The JRB: You also write that you wanted to ‘address how little I or my culture featured in the spaces I inhabited outside of my home, and where I formed ideas about my identity’. Why do you think fiction is important to this process?
Nozuko Siyotula: Until I attended university, I had always been a minority in the spaces where I spent most of my time, namely school—this in a country where the majority of people look like me. In my personal life, I also straddled worlds in which I identified mostly just in part with the situation. In recent years I have come to view that experience as a gift, but growing up it created deep consternation inside me about who I was. I have often felt guilty about my sympathies for various types of people and communities because of my proximity to them in one way or another. This will probably always be the lens through which I approach my fiction. Fiction allows for the space to bleed all these emotions out in a non-adversarial manner. The space for catharsis is amplified.

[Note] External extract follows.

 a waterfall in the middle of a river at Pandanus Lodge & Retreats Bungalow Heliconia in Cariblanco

The JRB: Your novel seems to inhabit grey spaces: none of the characters is one thing only, they are victim and perpetrator, villain and hero, they challenge racial boundaries. Was this complexity important to you?

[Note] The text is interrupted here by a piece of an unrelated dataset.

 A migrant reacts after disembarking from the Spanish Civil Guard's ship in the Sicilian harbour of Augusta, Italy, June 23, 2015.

Nozuko Siyotula: It wasn’t intentional, I think everyone carries this duplicity. Nuance is my favourite thing about human beings, if you want to understand anybody fully you have to understand the many things they don’t reveal to you overtly, the essence of people is what makes them unique. The transition into democracy instantly created many overt duplicities in experience, which led me to wonder about the internal ones that are not easy to share because they are intimate, and also experiences that had not been formed because of political change. As a reader, too, complex characters live longer in my head because they make it tolerable to be ‘complicated’ in everyday life.
The JRB: The structure of the novel reinforces this complexity, as you take us inside the mind of each character one by one.
Nozuko Siyotula: Each character represents a time in our country; a generational perspective or an internal value or standard that they are pursuing, which the character believes will aid in lessening their suffering. These demarcations in the framing of each character made it easy to ‘get into their head’, so to speak. I also did this to imagine how much we as a society could achieve if we healed and placed the role of family at our centre. To my mind, the family is the most important political space.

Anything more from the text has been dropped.